Quanto può essere piacevole essersi sbagliati e doversi ricredere riconoscendo i propri errori? Nel corso degli anni Lana ha progressivamente guardato altrove, abbandonando quello che poteva ed era effettivamente un comodo sentiero per vivere sugli allori. Si è spogliata della comoda (e scomoda allo stesso tempo) veste di sex-symbol, di ennesima icona gay tutta ammiccamenti e allusioni per andare oltre, molto oltre. Ha progressivamente analizzato il contesto sociale americano. Lo stesso che le ha dato successo e notorietà e che l’aveva gettata, in età adolescenziale, nell’alcolismo, per portarla a produrre dischi a mano a mano più complessi. Fino ad arrivare a Norman Fucking Rockwell!, che ne è la summa e la sintesi al contempo.
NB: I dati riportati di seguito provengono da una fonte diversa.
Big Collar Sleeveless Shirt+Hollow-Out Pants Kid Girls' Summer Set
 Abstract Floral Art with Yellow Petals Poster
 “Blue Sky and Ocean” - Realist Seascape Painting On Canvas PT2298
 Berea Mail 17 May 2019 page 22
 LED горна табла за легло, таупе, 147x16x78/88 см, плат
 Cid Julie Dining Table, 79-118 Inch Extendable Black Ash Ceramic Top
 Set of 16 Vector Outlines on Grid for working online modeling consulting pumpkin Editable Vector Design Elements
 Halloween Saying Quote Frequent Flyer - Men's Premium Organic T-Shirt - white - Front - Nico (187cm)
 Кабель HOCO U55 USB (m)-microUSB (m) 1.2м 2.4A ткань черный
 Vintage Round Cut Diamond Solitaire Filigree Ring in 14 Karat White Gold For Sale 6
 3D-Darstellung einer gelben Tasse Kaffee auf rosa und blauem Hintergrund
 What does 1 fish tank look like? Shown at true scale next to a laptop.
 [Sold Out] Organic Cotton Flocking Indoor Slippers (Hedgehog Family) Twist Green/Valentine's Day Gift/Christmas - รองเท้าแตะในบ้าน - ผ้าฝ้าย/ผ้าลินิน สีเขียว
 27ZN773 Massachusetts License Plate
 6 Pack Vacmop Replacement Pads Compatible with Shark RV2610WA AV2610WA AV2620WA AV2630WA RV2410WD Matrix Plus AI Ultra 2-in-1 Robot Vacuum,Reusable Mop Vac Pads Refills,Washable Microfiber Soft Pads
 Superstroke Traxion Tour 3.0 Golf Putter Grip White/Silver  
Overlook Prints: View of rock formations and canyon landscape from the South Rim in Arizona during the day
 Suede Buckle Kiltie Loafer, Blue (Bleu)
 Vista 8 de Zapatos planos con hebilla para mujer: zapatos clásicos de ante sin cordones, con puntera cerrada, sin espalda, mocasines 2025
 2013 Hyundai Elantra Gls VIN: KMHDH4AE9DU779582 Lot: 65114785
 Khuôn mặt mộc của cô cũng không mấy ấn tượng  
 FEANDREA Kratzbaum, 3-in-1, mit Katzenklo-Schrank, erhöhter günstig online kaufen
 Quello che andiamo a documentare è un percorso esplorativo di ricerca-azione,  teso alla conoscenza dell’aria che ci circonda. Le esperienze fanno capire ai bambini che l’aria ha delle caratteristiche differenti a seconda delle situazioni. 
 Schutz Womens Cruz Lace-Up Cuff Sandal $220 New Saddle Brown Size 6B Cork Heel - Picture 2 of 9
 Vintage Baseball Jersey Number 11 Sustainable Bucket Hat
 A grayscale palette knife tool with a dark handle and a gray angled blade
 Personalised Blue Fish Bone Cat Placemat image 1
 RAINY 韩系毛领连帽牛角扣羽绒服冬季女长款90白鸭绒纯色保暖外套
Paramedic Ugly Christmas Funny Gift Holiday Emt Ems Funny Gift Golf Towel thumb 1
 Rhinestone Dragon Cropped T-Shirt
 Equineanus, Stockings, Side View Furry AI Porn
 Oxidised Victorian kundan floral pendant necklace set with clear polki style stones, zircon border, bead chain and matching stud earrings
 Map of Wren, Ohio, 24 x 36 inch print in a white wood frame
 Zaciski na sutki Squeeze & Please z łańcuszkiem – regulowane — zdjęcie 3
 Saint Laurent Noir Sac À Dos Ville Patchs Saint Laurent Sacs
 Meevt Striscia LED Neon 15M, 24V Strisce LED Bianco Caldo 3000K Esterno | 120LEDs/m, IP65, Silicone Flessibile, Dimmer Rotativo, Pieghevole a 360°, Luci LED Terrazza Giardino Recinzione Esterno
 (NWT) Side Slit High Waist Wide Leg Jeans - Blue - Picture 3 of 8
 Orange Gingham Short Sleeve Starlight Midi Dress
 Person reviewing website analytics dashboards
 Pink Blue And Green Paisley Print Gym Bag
Norman Rockwell fu probabilmente l’illustratore più celebre d’America. Le sue copertine hanno tracciato i connotati della perfetta società a stelle e strisce, della perfetta famiglia nordamericana. Insomma, l’incarnazione del famigerato sogno. Lo stesso che Lana e i suoi collaboratori destrutturano fino a celebrarne il fallimento attraverso dischi apparentemente pop e innocui. Non è una rivoluzione rumorosa quella di Lana. È solamente la cronaca di una progressiva e lenta disillusione. L’ex ragazzona sexy guarda sempre più alla California anni ‘70 di Laurel Canyon, di cui i suoi fan della prima ora, quei millennials tutti social e musica usa e getta, ignorano l’esistenza e il significato culturale. Quasi commovente vedere il video semi-amatoriale, in cui insieme a Zella Day e Weyes Blood (un’altra il cui ultimo disco non dovrebbe mancare nei vostri scaffali) prova For free di Joni Mitchell, che già più di quarant’anni fa puntava i riflettori sul rapporto spesso difficile tra arte e industria discografica.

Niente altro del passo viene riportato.